Numerical Investigation on Submerged Jet Cooling for Avionics Devices

This study primarily aims to explore the flow distribution and heat transfer characteristics of single-phase submerged jet cooling and develop a new Nusselt number correlation for avionics devices. A 3-D numerical model was constructed to investigate the effect of various parameters such as hole diameter ( $D$ ), hole pitch ( $S$ ), Reynolds number ( ${\mathrm {Re}}_{\mathrm {jet}}$ ), and crossflow scheme on flow distribution and heat transfer characteristics of the avionics server module.
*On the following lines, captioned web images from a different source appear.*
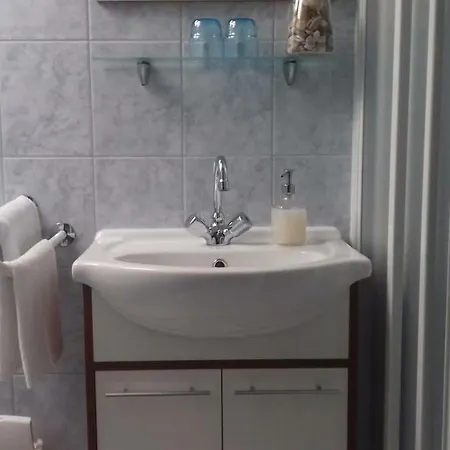 Sorompo Vendeghaz 4* Balatonkenese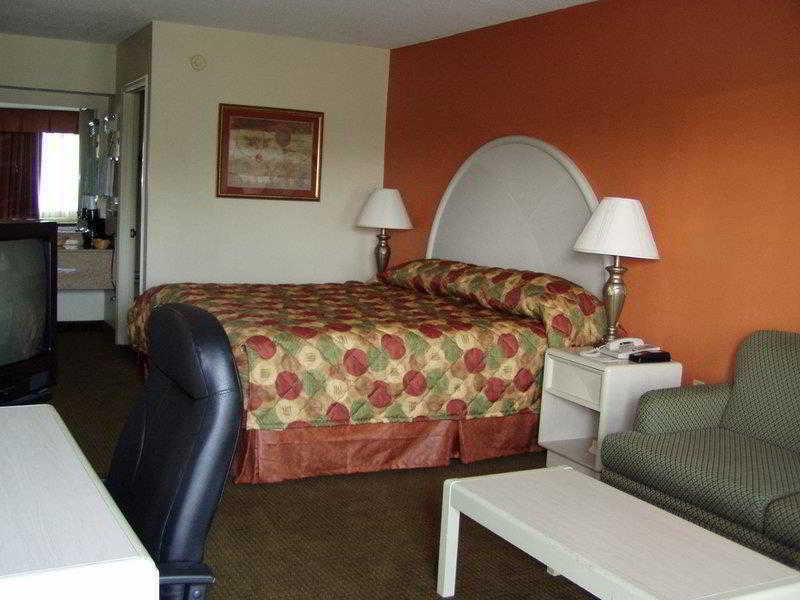 Best Western Airport Inn Пърл Екстериор снимка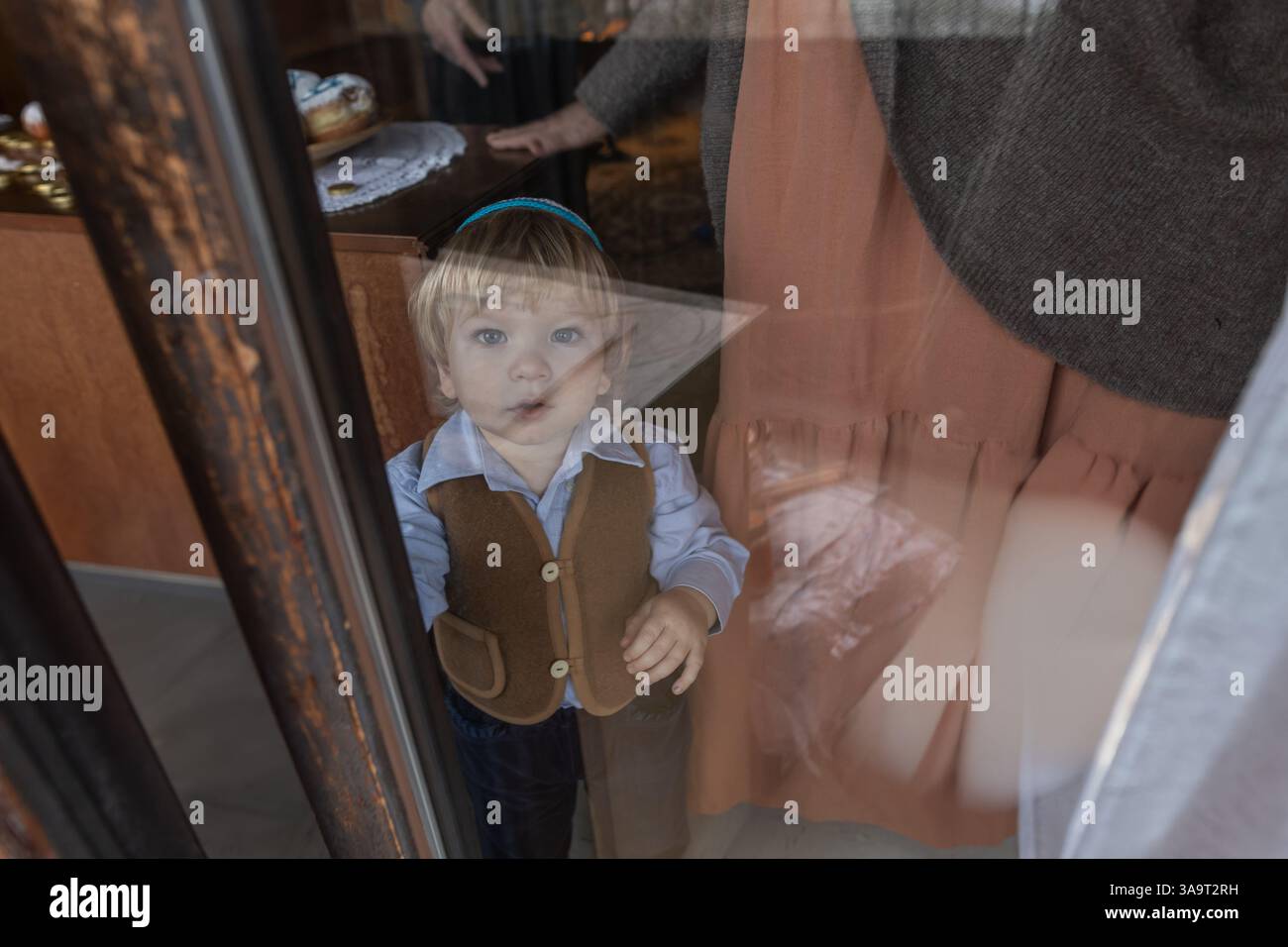 Tradizionale festa ebraica di Hanukah. Visita ai nonni Foto Stock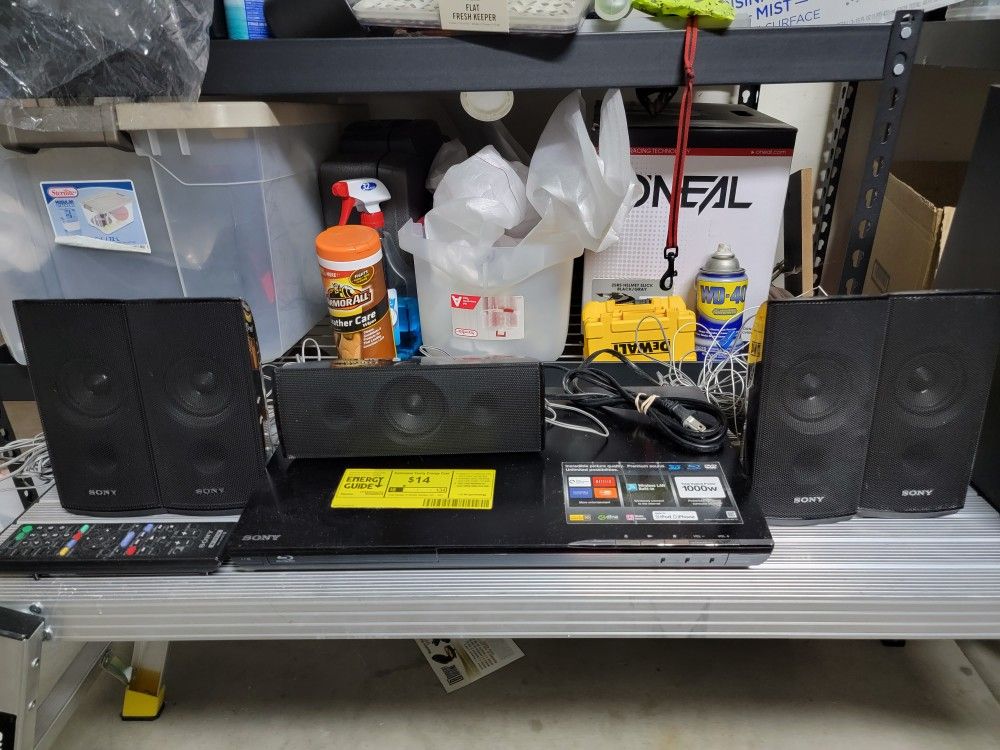 Sony Blue Ray Bdv E390 Surround Sound System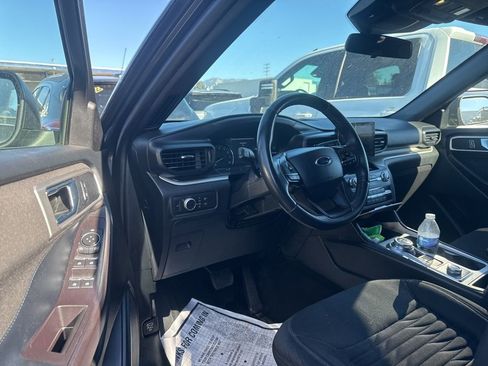 Used 2020 Ford Explorer XLT image 6
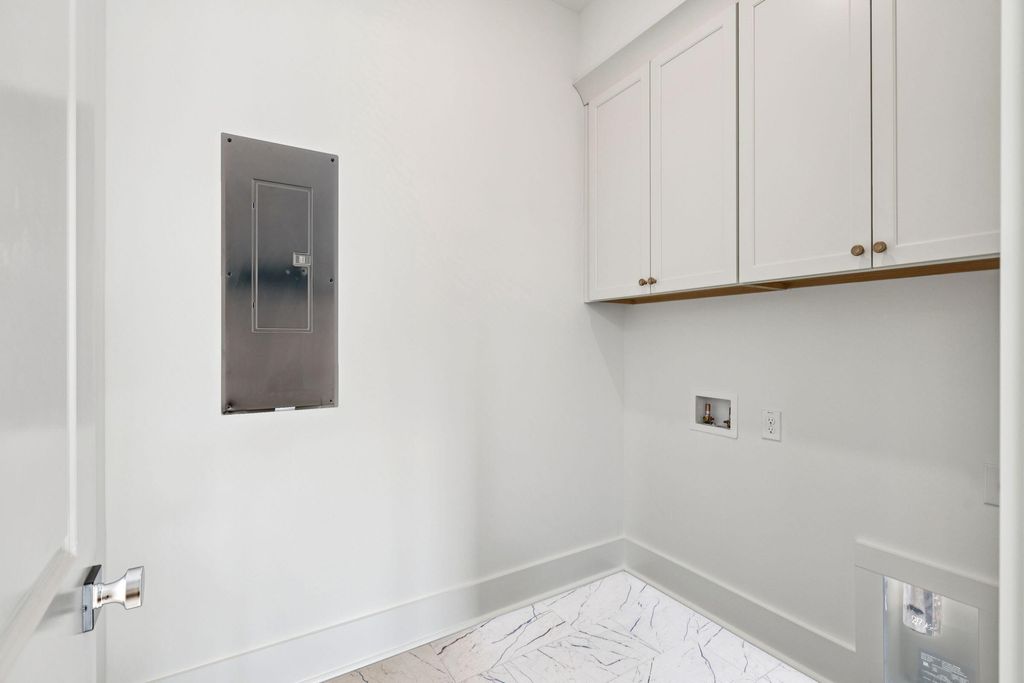 Image 30 of property listing at 1460 Periwinkle Drive, Mount Pleasant, SC 29466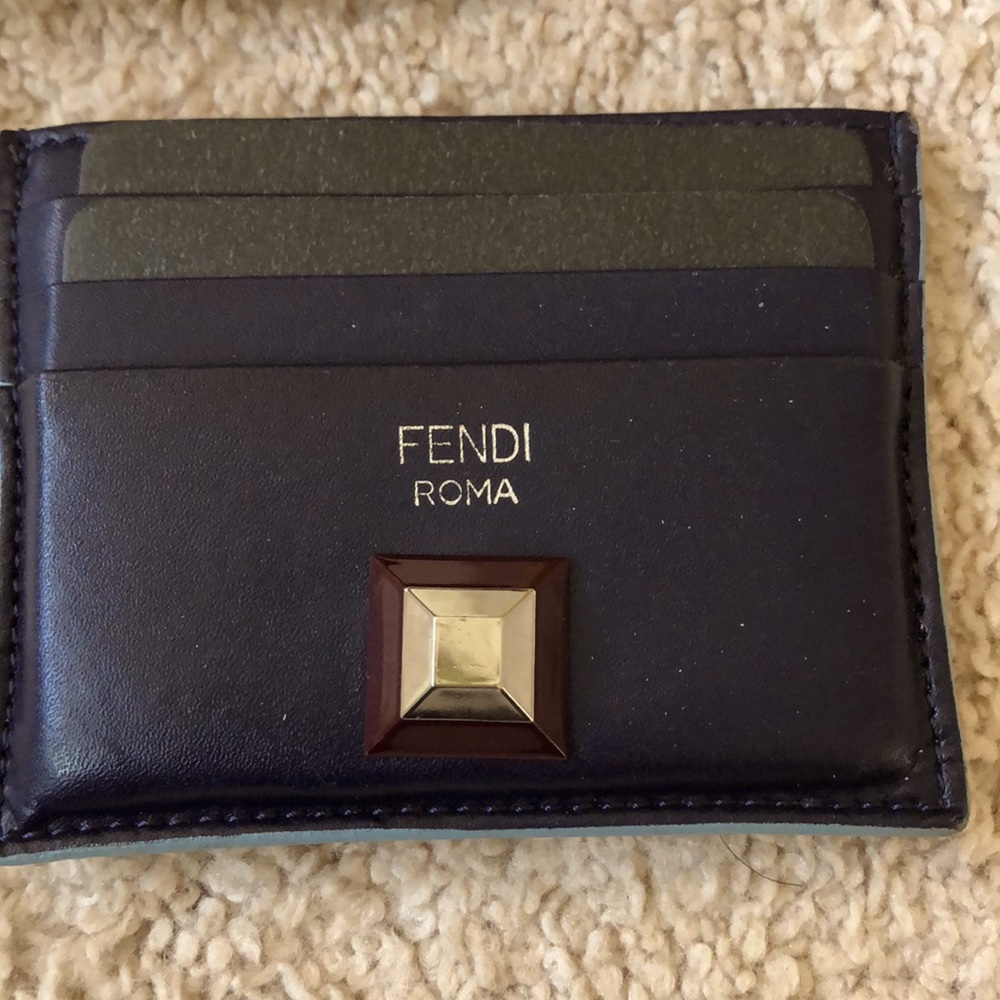 Fendi bicolor berry+sand card holder new 📸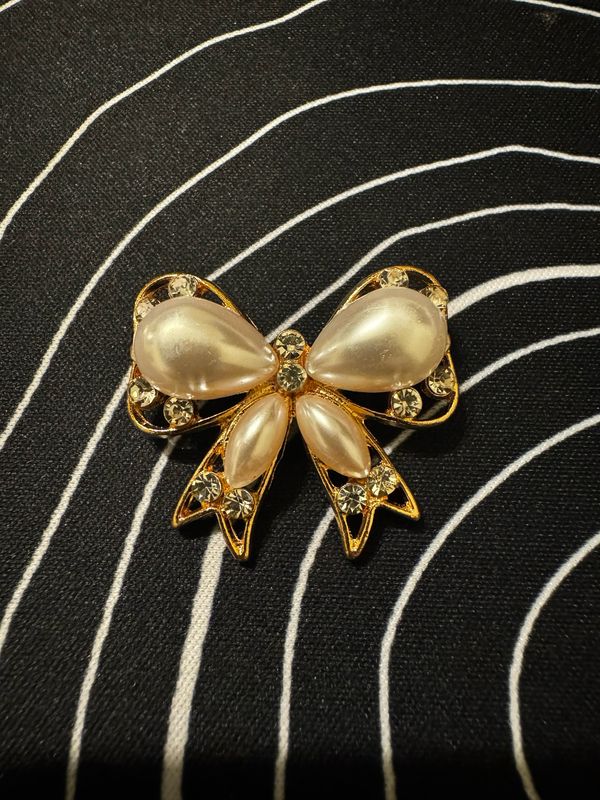 The Bourgeoisie Bow Brooch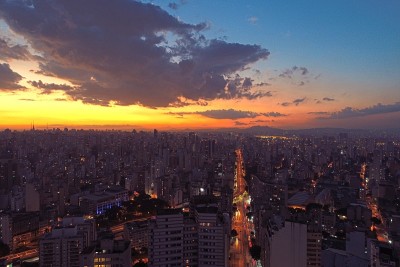城市日落鸟瞰图，São圣保罗，巴西。伟大的彩色天空。爆炸的颜色。美丽的风景。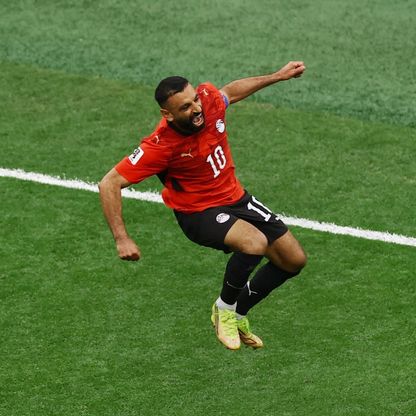 5 من 4.. شاهد| صلاح "الملك المصري" يكتب التاريخ بأحرف من ذهب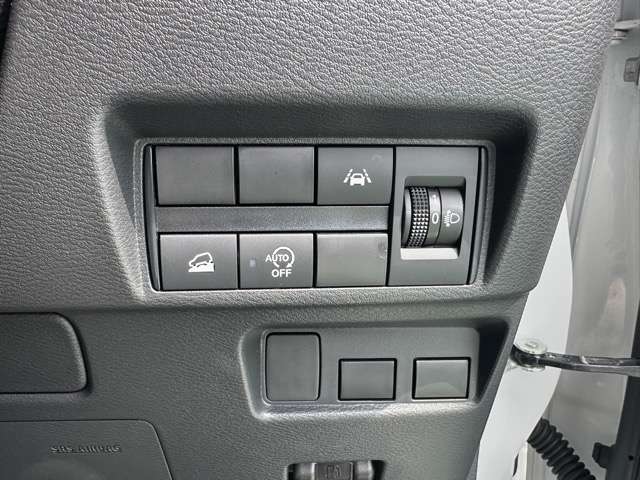 三菱 ｅＫクロス　スペース ６６０ Ｍ R5年 (東海) 99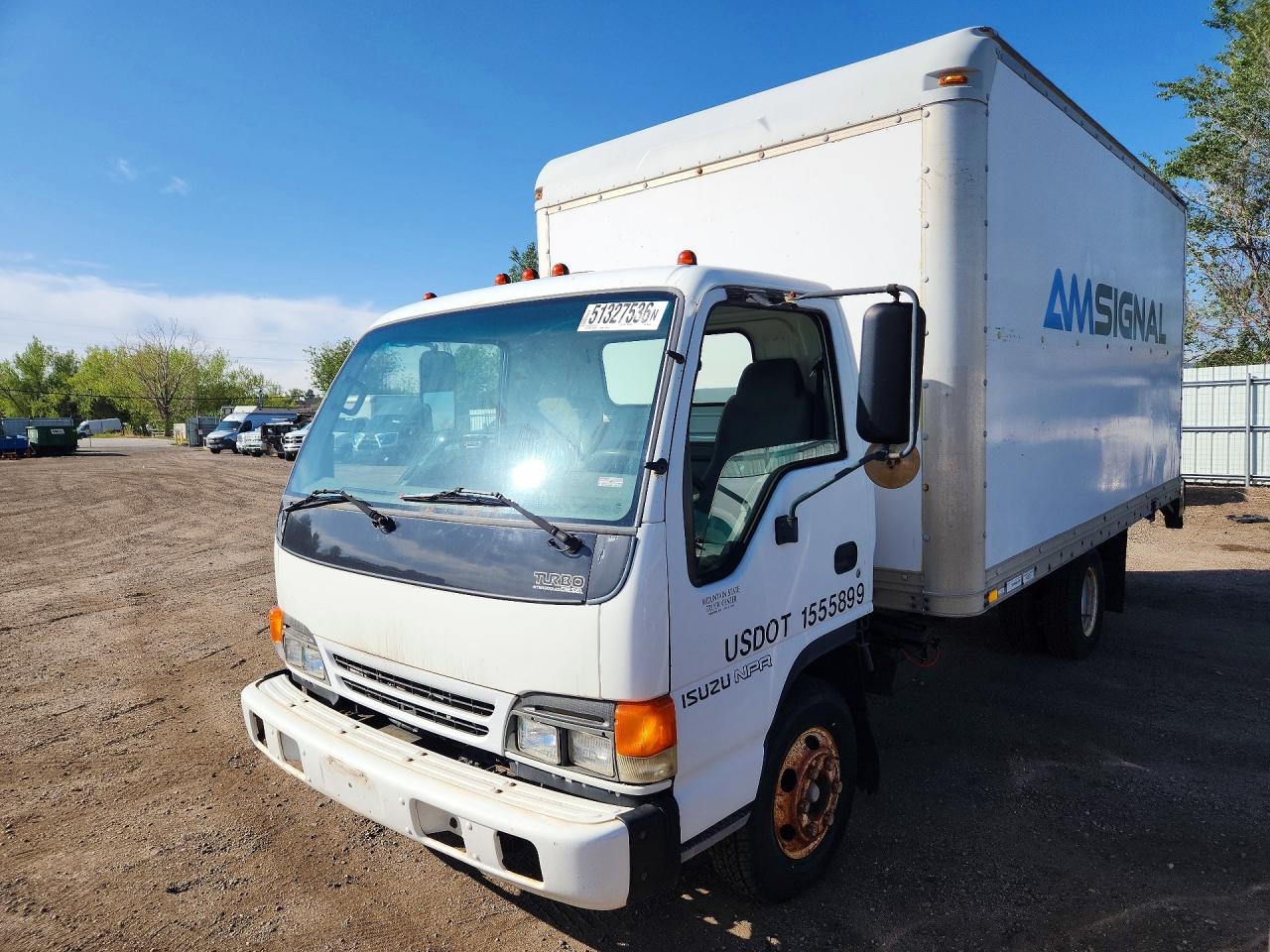 Salvage Isuzu Npr Image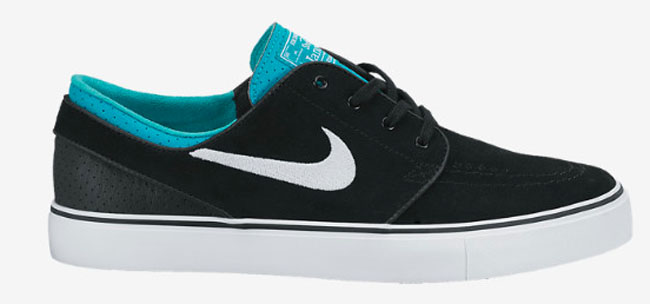 nike sb black and blue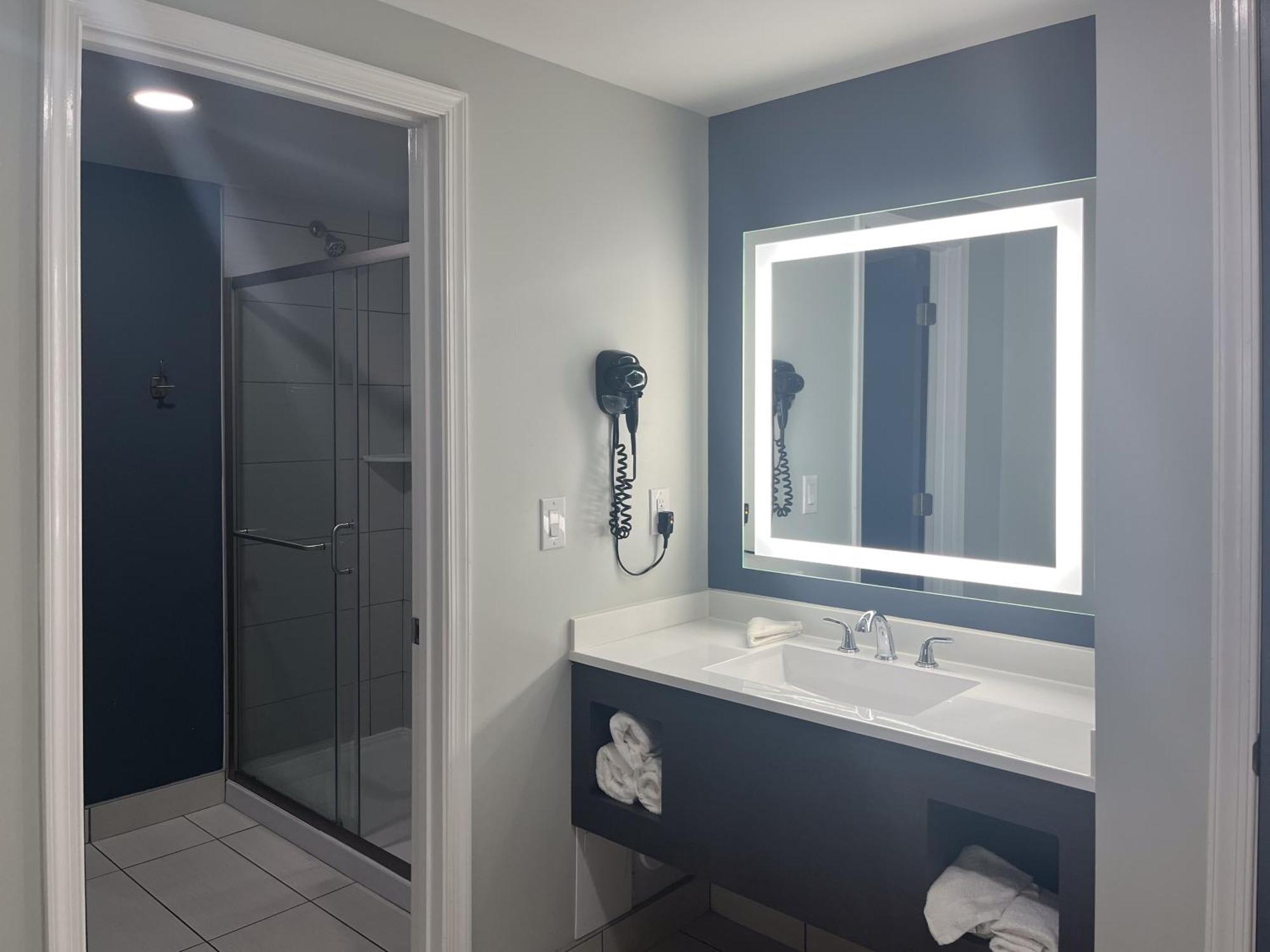 Motel 6 Norfolk, Va East Little Creek Екстериор снимка
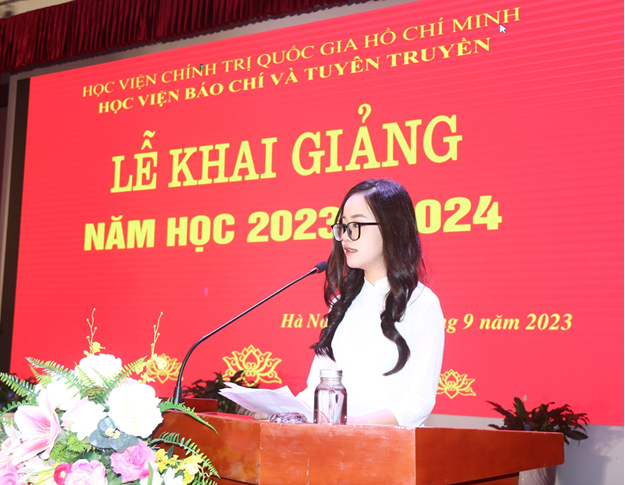 Sinh viên thủ khoa Lương Nhật Linh, lớp Truyền thông Đa Phương tiện K43 phát biểu tại buổi Lễ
The pressure drop, Nusselt numbers, total thermal resistance of dielectric fluid, and the maximum and average temperature of electronic elements were obtained from 64 simulation cases. The results of temperature and streamline distribution show that the flow structure of the avionics server module can be subdivided into flow convection region, jet impingement region, and crossflow region. Parameters studies show that the discrepancy of pressure drop and Nusselt number is less sensitive to variations in any $D$ at fixed $S/D$ = 4 or $S/D$ = 5 condition, but maximum temperature and total thermal resistance increase from 75.7 °C to 89 °C and from 0.186 °C/W to 0.4 °C/W, respectively. However, for $S/D$ = 2 or $S/D$ = 3 condition, the $D$ has a slight effect on the maximum temperature and total thermal resistance for the submerged jet cooling. With the ${\mathrm {Re}}_{\mathrm {jet}}$ increase, the maximum discrepancy of pressure drop, average temperature, Nusselt number, and total thermal resistance of different $S/D$ conditions was increased from 0.029 to 1.06 kPa, from 0.5 °C to 0.8 °C, from 0.25 to 1.85, and from 0.01 °C/W to 0.03 °C/W, respectively. The effect of various parameters on flow distribution and heat transfer characteristics of an avionics server module follows the order of ${\mathrm {Re}}_{\mathrm {jet}} > S/D > D$. Finally, we proposed a new correlation for predicting the average Nusselt number for the avionics server module with submerged jet cooling.